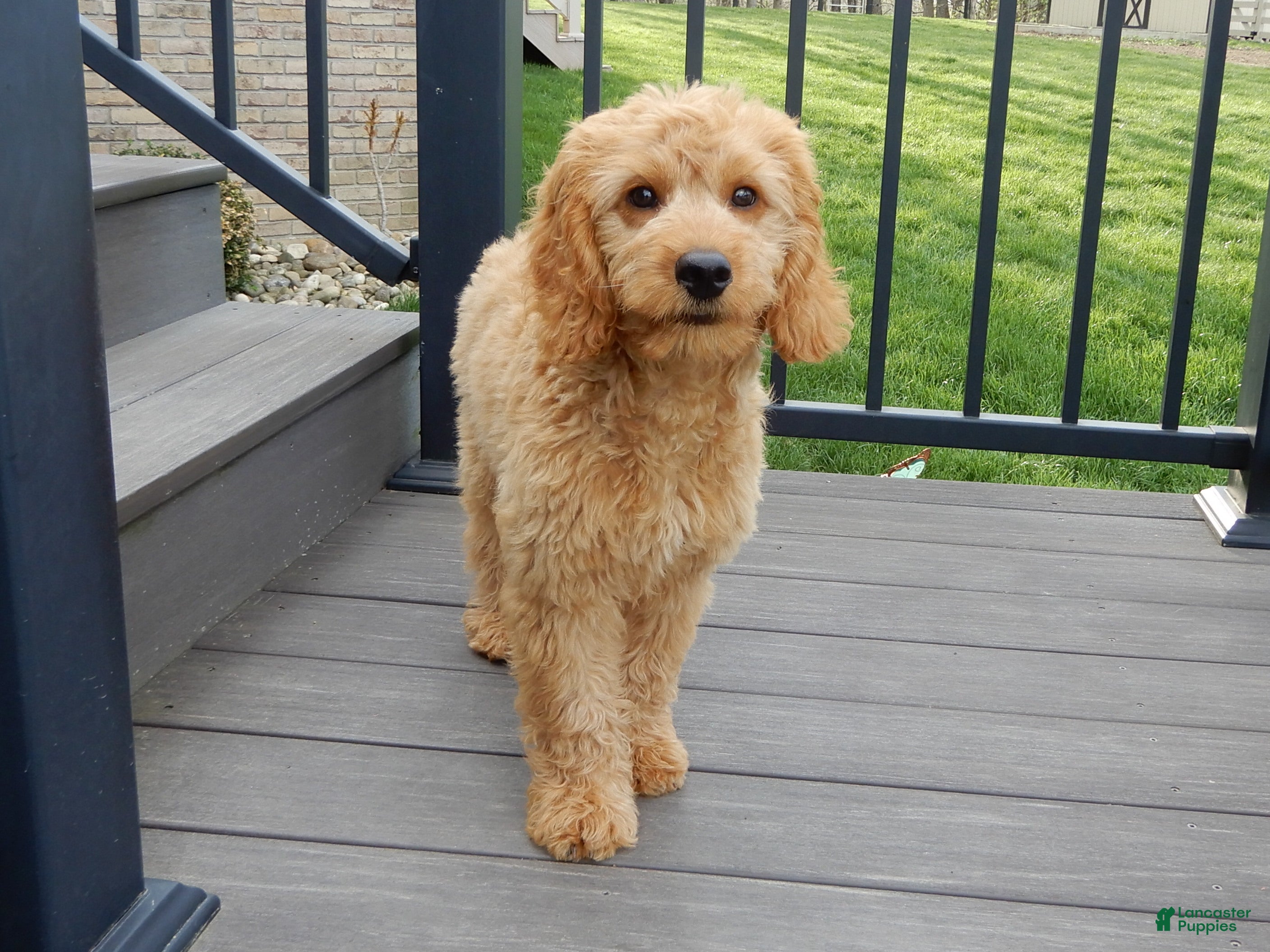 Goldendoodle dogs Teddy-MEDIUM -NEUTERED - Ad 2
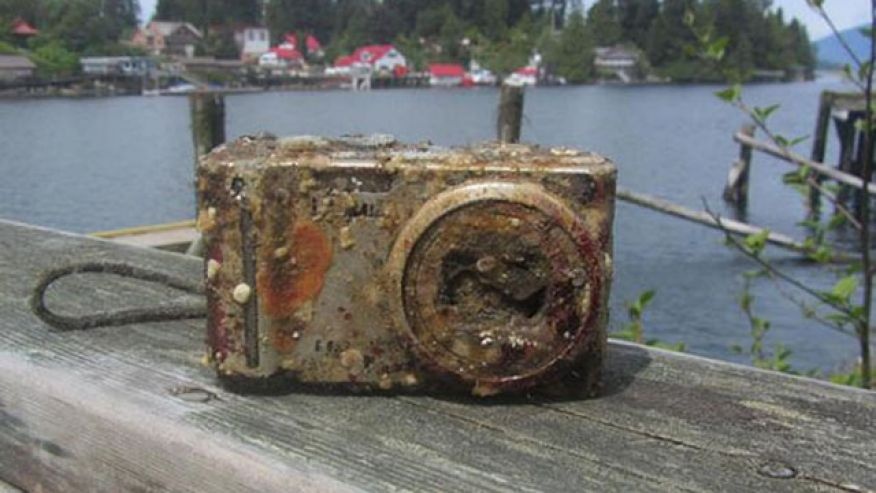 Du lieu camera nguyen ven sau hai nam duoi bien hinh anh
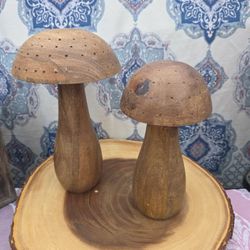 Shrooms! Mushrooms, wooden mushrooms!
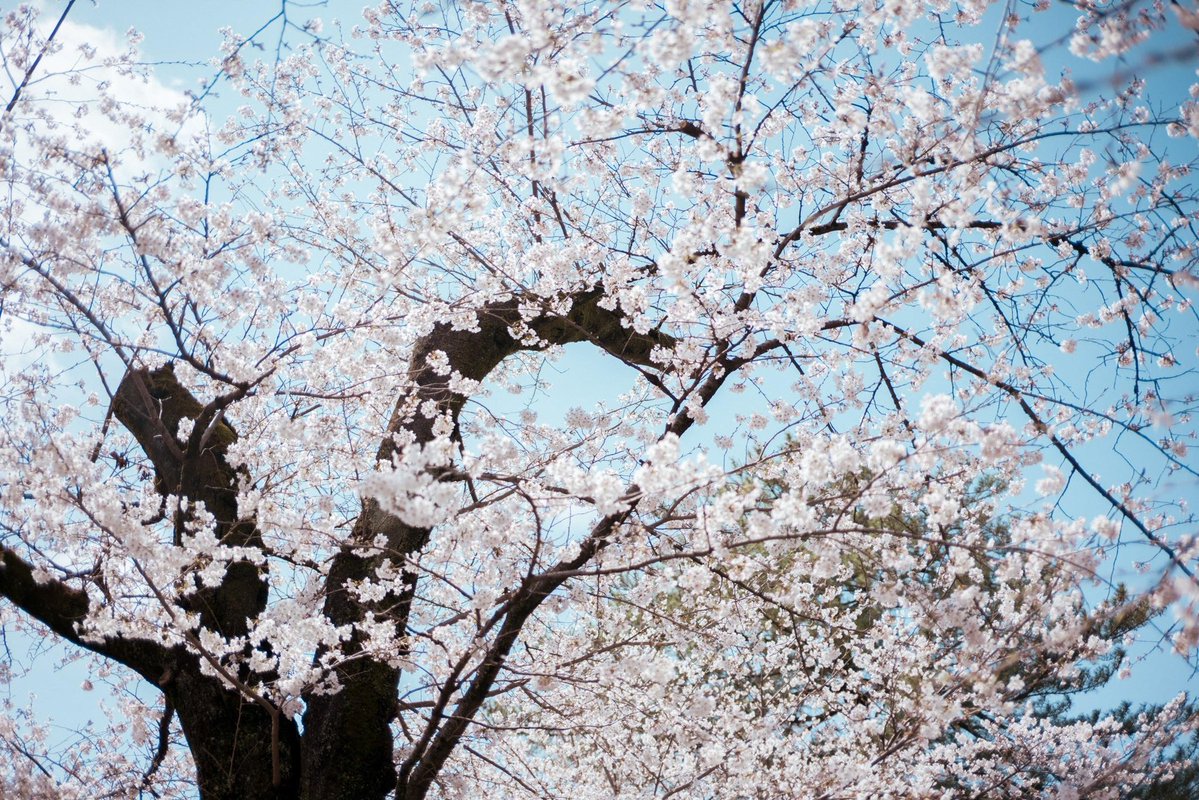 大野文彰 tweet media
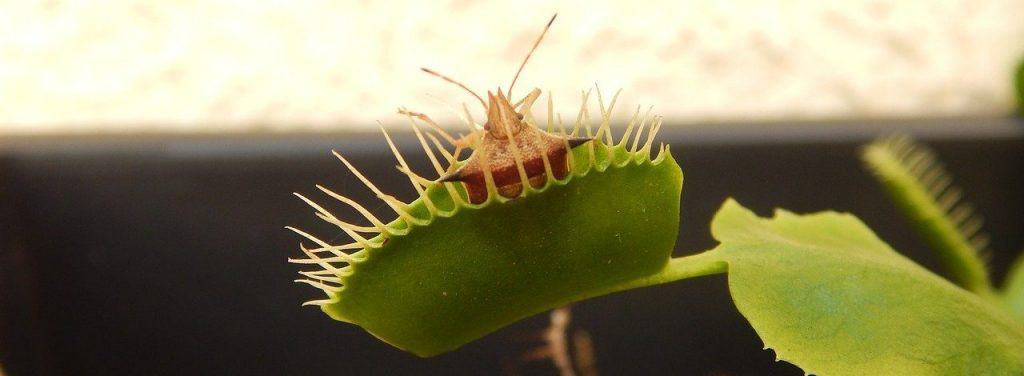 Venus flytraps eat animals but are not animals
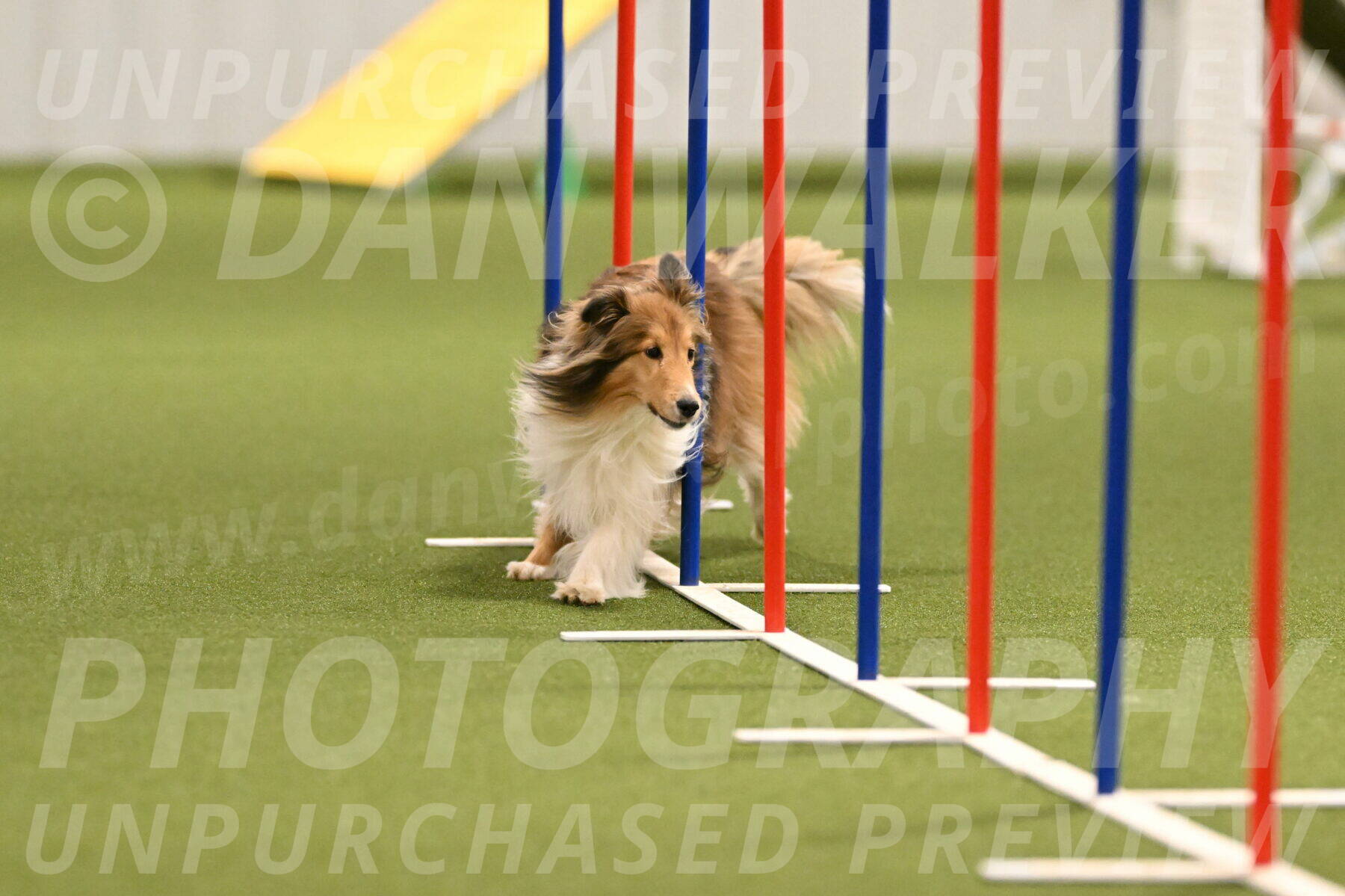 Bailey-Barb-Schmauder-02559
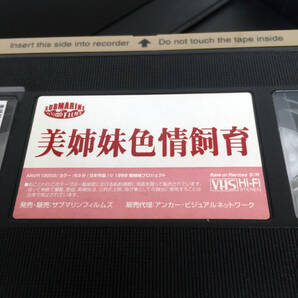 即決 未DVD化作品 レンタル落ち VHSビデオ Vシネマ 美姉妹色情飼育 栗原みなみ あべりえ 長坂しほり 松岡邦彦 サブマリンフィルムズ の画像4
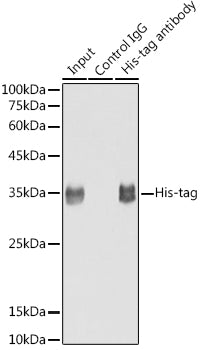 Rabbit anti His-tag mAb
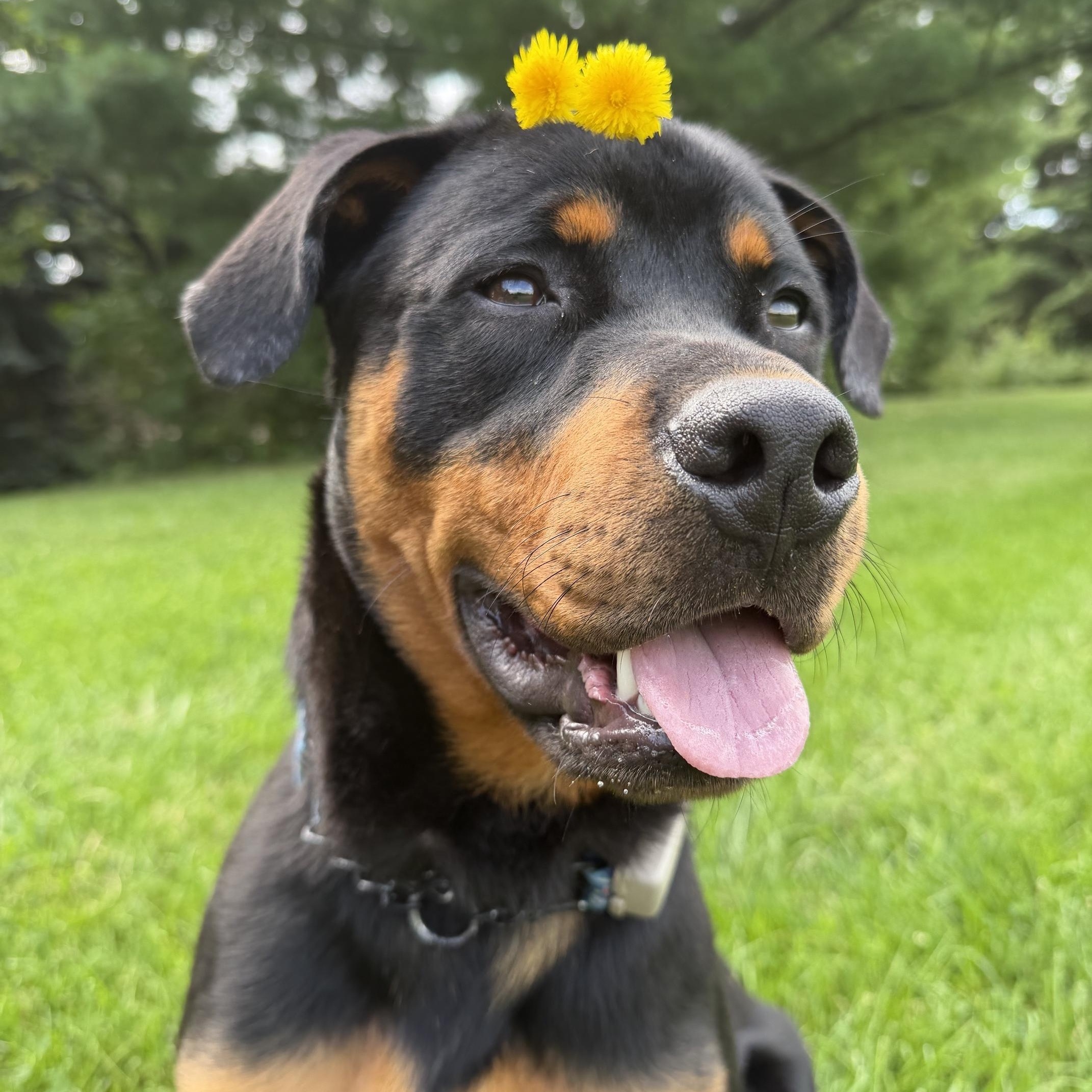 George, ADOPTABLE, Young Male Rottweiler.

◇ ◇ ◇ ◇ ◇

(What you should do): What you produce should repeat the data word for word while omitting all images.

(Result of the task):
 Goldendoodle dogs Teddy-MEDIUM -NEUTERED - Ad 2
 Du lieu camera nguyen ven sau hai nam duoi bien hinh anh
 Shrooms! Mushrooms, wooden mushrooms!
 大野文彰 tweet media
 Venus flytraps eat animals but are not animals
 Bailey-Barb-Schmauder-02559
 即決 未DVD化作品 レンタル落ち VHSビデオ Vシネマ 美姉妹色情飼育 栗原みなみ あべりえ 長坂しほり 松岡邦彦 サブマリンフィルムズ の画像4
 Rabbit anti His-tag mAb
 George, ADOPTABLE, Young Male Rottweiler.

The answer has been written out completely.